- O Estado de S.Paulo
Eleitor de comportamento menos previsível deverá decidir eleição tão apertada
A verdadeira largada para o primeiro turno das eleições começa com o que não se realizou. O derretimento da candidatura de Jair Bolsonaro não ocorreu, o fracasso da candidatura de Geraldo Alckmin não se registrou, a tão falada unidade de esquerda não surgiu e a tão aguardada candidatura mágica de algum completo outsider não se materializou.
De certa maneira, o que era bastante óbvio se cumpriu: sendo as máquinas partidárias o feudo de caciques, sendo caciques o que são (caciques, ora), o entendimento entre os principais deles deu-se exclusivamente pelas vantagens percebidas no uso de instrumentos tradicionais da política no curtíssimo prazo (eleição) com um olho na capacidade de barganha dentro do Legislativo no horizonte de 2019.
Porém, é possível identificar com razoável nitidez uma divisão entre as principais forças ao longo de postulados “ideológicos” (pelo menos para os padrões brasileiros de maçaroca ideológica). Há um campo que, grosso modo, me parece majoritariamente “conservador” em termos de valores e liberal em termos de postulados econômicos, disputado por várias candidaturas “de fora” (como Bolsonaro) assim como “do sistema” (como Alckmin, Alvaro Dias e Meirelles) e também por vários movimentos “de base” que pretendem renovar a política brasileira por meio da longa marcha da formação de partidos modernos (Amoêdo).

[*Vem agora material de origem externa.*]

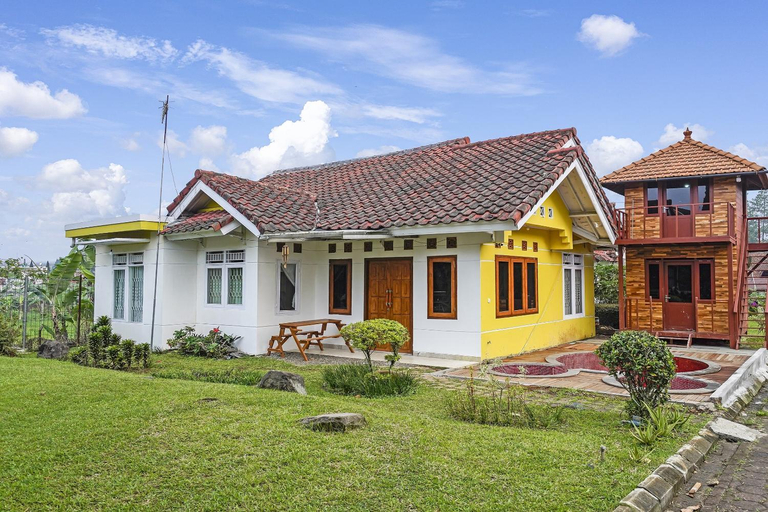 Exterior & Views, SPOT ON 91107 Villa Galaxy Resort, Cianjur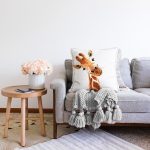 Beyaz Zemin Zürafa Desenli Dijital Baskılı Modern Raşel Kadife Yastık Kırlent Kılıfı Realhomes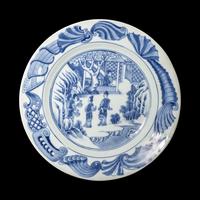Two Chinese Export Blue and White Porcelain 'Tea Cultivation' Plates, Qianlong Period 清乾隆 青花外銷製茶圖賞盤兩件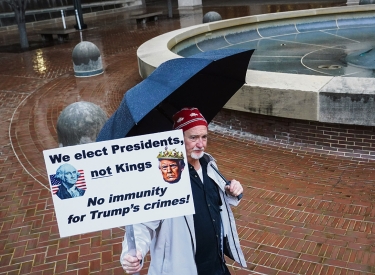 Niemand steht über dem Gesetz. Demonstrant vor dem Bezirksgericht in Washington, D.C., 9. Januar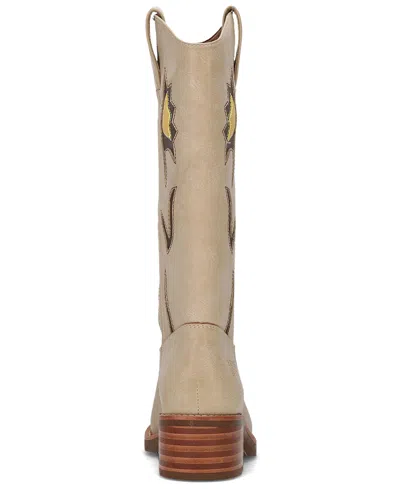 Frye And Co Miranda 10 Flower In Neutral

Do lado da “esquerda”, a tática do PT turvou consideravelmente qualquer tipo de unidade à espera de que o inelegível Lula coloque um poste no segundo turno – uma aposta de alto risco e contra o tempo.
Os dois principais contendores que se vendem como “de fora”, Marina Silva e Jair Bolsonaro, apresentam-se coesos em termos de chapas (um vice do Partido Verde ao lado de Marina, um general que há pouco ainda vestia farda ao lado de Bolsonaro) e excepcionalmente confiantes na capacidade de modernas tecnologias digitais romperem também o que foi até agora o primado dos instrumentos tradicionais de campanha eleitoral (sobretudo tempo de TV).
Essa aparência de “homogeneidade” na composição da chapa será suficiente para colocar qualquer um dos dois – especialmente Bolsonaro, que no momento parece ganhar estatura quanto mais é atacado em entrevistas – num segundo turno? Os vendedores de facilidades em campanhas eleitorais, os partidos do Centrão, acomodaram-se com Alckmin. Conduziram-se não apenas visando a recompensas num futuro governo mas, também, por considerarem Bolsonaro um risco muito alto.
Nessa “largada” são mais evidentes que em eleições recentes o empenho em conquistar o voto feminino e a clara determinação em disputar com Bolsonaro o voto do “agro”. A expressão confunde quando usada como sinônimo de representações ou entidades de classe de um setor da economia, mas faz todo sentido ao se considerar as imensas áreas de prosperidade relativa que abarcam importantes cidades médias com um contingente de eleitores que se consideram “órfãos” da política tradicional, além de vítimas de insegurança pública e jurídica.
Os profissionais da leitura de pesquisas – todas elas coincidindo em apontar ainda imenso número de indecisos e desanimados – nos dão um grave alerta. Não importa o que esta eleição possa demonstrar sobre o choque entre desejo de mudança versus predomínio da “velha” política – além da inédita presença de itens como corrupção e honestidade no topo da prioridade dos eleitores –, a decisão numa eleição tão apertada acabará a cargo da parcela de comportamento menos previsível entre aqueles que vão às urnas: os eleitores que formam opinião na derradeira hora. Especialmente mulheres, pobres e de meia-idade.